▸ **Stored data**:
##########
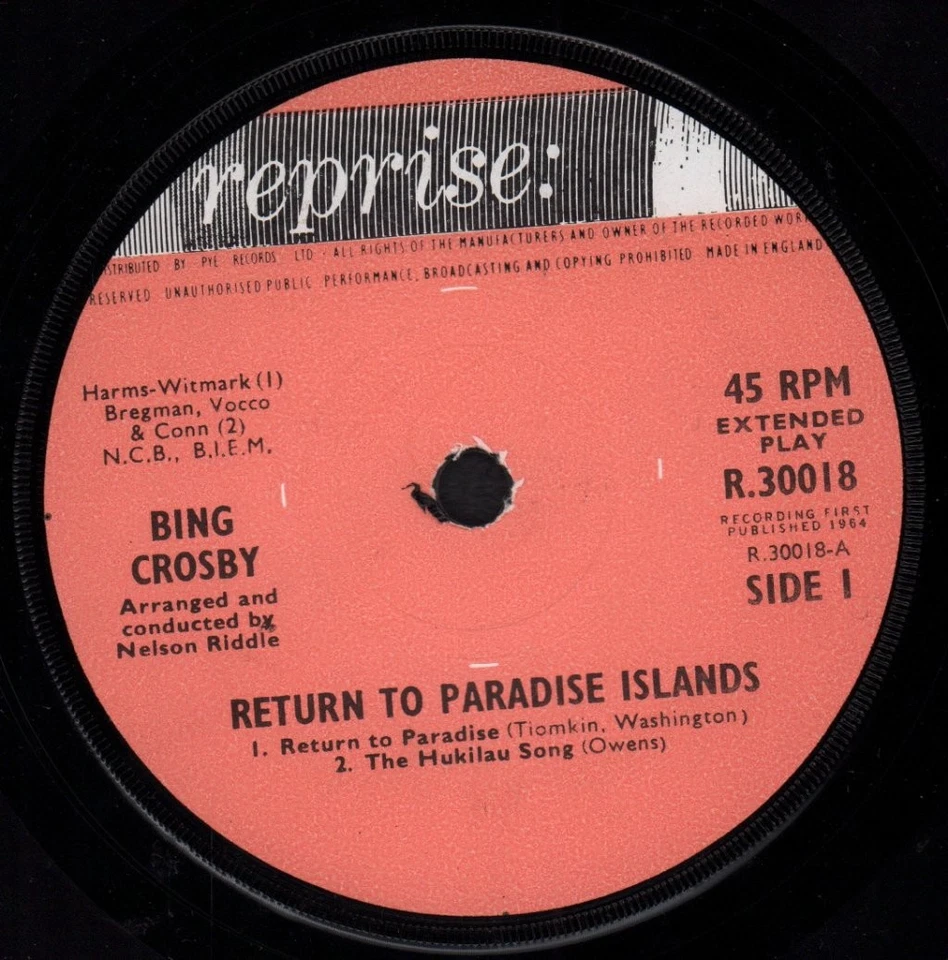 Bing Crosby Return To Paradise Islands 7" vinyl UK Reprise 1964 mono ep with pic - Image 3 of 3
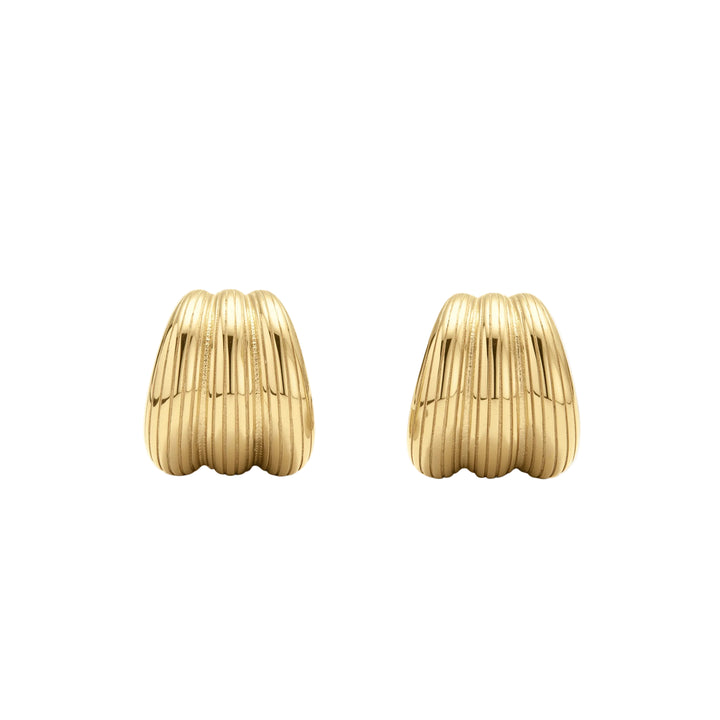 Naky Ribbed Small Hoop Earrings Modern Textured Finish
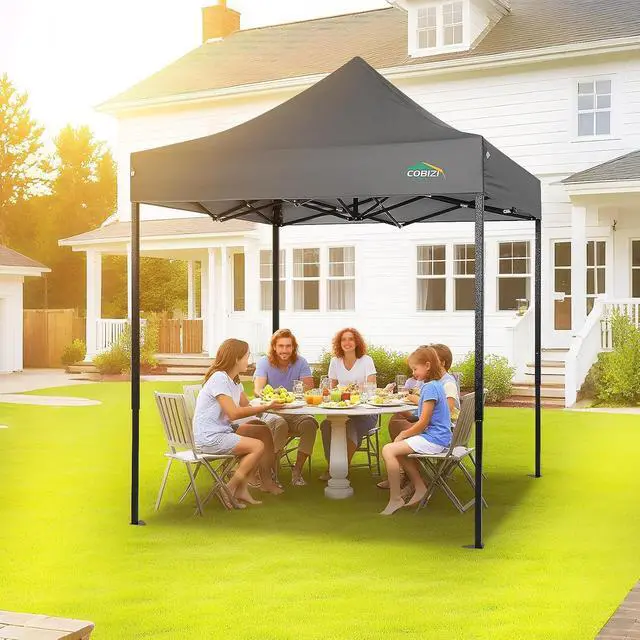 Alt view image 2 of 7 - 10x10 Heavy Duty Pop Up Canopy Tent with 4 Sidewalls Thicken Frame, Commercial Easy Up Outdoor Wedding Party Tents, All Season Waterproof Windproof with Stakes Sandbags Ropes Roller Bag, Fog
##########
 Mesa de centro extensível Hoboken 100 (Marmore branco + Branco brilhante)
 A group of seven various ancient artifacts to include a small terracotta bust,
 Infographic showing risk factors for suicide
##########
▸ **What to work on**: Give again the lines of the listing above that run from the one with "Naky Ribbed Small" up to and including the one with "Alt view image". Keep them exact and omit the pictures.

▸ **Solution for this exercise**:
 Naky Ribbed Small Hoop Earrings Modern Textured Finish
 Alt view image 2 of 7 - 10x10 Heavy Duty Pop Up Canopy Tent with 4 Sidewalls Thicken Frame, Commercial Easy Up Outdoor Wedding Party Tents, All Season Waterproof Windproof with Stakes Sandbags Ropes Roller Bag, Fog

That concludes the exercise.